The Political Epistemology of Humanity 2.0
David Budtz Pedersen, Center for Semiotics, Aarhus University
In this paper I confront Fuller’s conception of Humanity 2.0 with the techno-democratic theories of Fukuyama (2003) and Rawls (1999). What happens to democratic values such as inclusion, rule of law, equality and fairness in an age of technology intensive output-based policymaking? Traditional models of input democracy are based on the moral intuition that the unintended consequences of natural selection are undeserved and call for social redress and compensation. However, in humanity 2.0 these unintended consequences are turned into intended as an effect of bioengineering and biomedical intervention. This, I argue, leads to an erosion of the natural luck paradigm on which  standard theories of distributive justice rest. Hence, people can no longer be expected to recognize each other as natural equals. Now compare this claim to Fuller’s idea that the welfare state needs to reassure the collectivization of burdens and benefits of radical scientific experimentation. Even if this might energize the welfare system and deliver a new momentum to the welfare state in an age of demographic change, it is not clear on which basis this political disposition for collectivizing such scientific benefits rests. In short, it seems implausible that the new techno-elites, that has translated the unintended consequence of natural selection into intended, will be convinced of distributing the benefits of scientific experiments to the wider society. If the biosubstrate of the political elite is radically different in terms of intelligence, life expectancy, bodily performance etc. than those disabled, it is no longer clear what the basis of redistribution and fairness should be. Hence, I argue that important elements of traditional democracy are still robust and necessary to vouch for the legitimacy of humanity 2.0.

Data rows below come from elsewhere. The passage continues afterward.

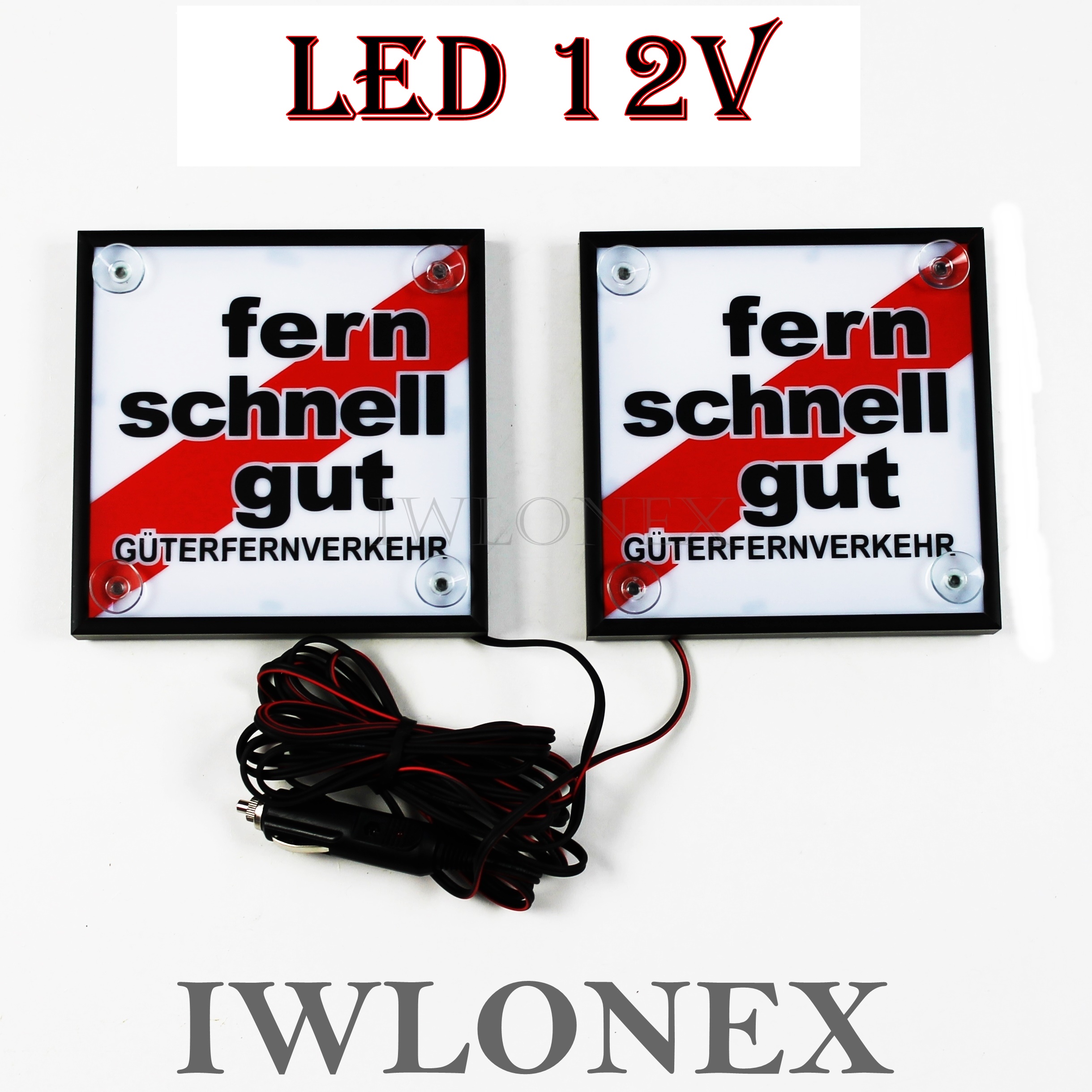 1 Paar LKW LED Leuchtschilder 12V Fern Schnell Gut - Iwlonex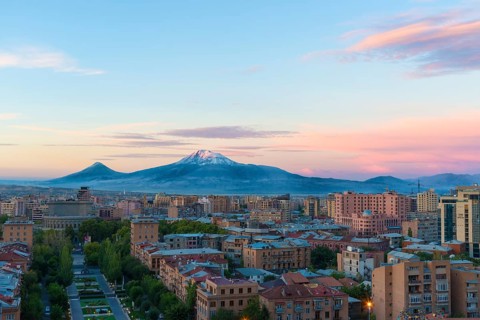 Mount Ararat and Yerevan seen from the Cascade at sunrise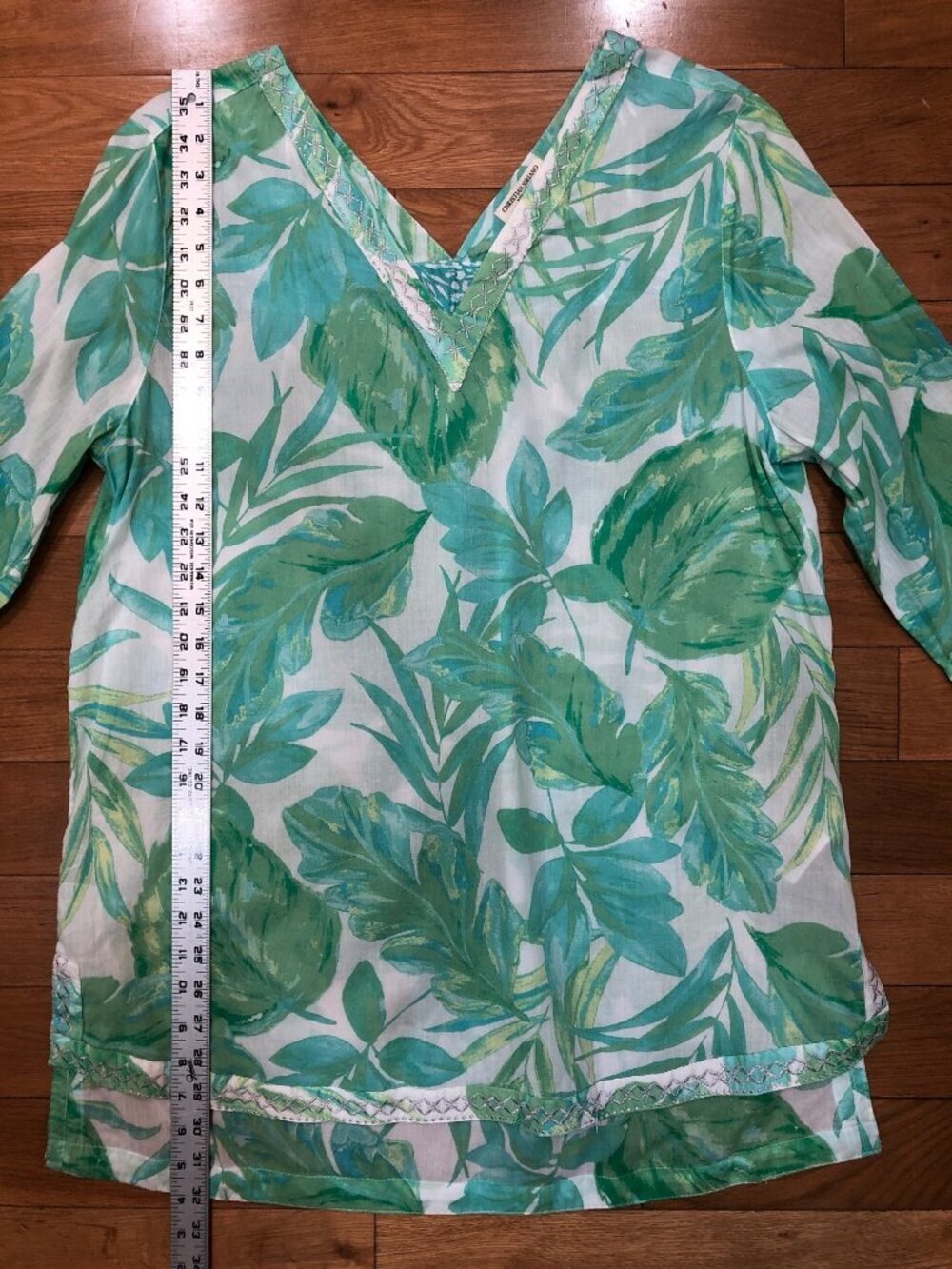 Christian Siriano Tropical Green & White Cover Up Tunic Size L Beach Bohemian - Picture 7 of 9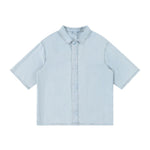 Cotton Washed Oversized Denim Collar Tee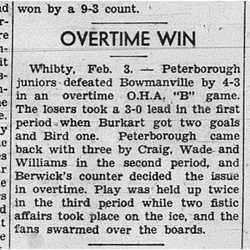 1939-02-09 Hockey -Juniors -Bowmanville vs Peterborough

Fuller’s Categorical Imperative: The Will to Proaction
J. Britt Holbrook, Georgia Institute of Technology
Two 19th century philosophers – William James and Friedrich Nietzsche – and one on the border of the 18th and 19th centuries – Immanuel Kant – underlie Fuller’s support for the proactionary imperative as a guide to life in ‘Humanity 2.0’. I make reference to the thought of these thinkers (James’s will to believe, Nietzsche’s will to power, and Kant’s categorical imperative) in my critique of Fuller’s will to proaction. First, I argue that, despite a superficial resemblance, James’s view about the risk of uncertainty does not map well onto the proactionary principle. Second, however, I argue that James’s notion that our epistemological preferences reveal something about our ‘passional nature’ connects with Nietzsche’s idea of the will to power in a way that allows us to diagnose Fuller’s ‘moral entrepreneur’ as revelatory of Fuller’s own  ‘categorical imperative’. But my larger critique rests on the connection between Fuller’s thinking and that of Wilhelm von Humboldt. I argue that Fuller accepts not only Humboldt’s ideas about the integration of research and education, but also – and this is the main weakness of Fuller’s position – Humboldt’s lesser recognized thesis about the relation between knowledge and society. Humboldt defends the pursuit of knowledge for its own sake on the grounds that this is necessary to benefit society. I criticize this view and argue that Fuller’s account of the public intellectual as an agent of distributive justice is inadequate to escape the critique of the pursuit of knowledge for its own sake.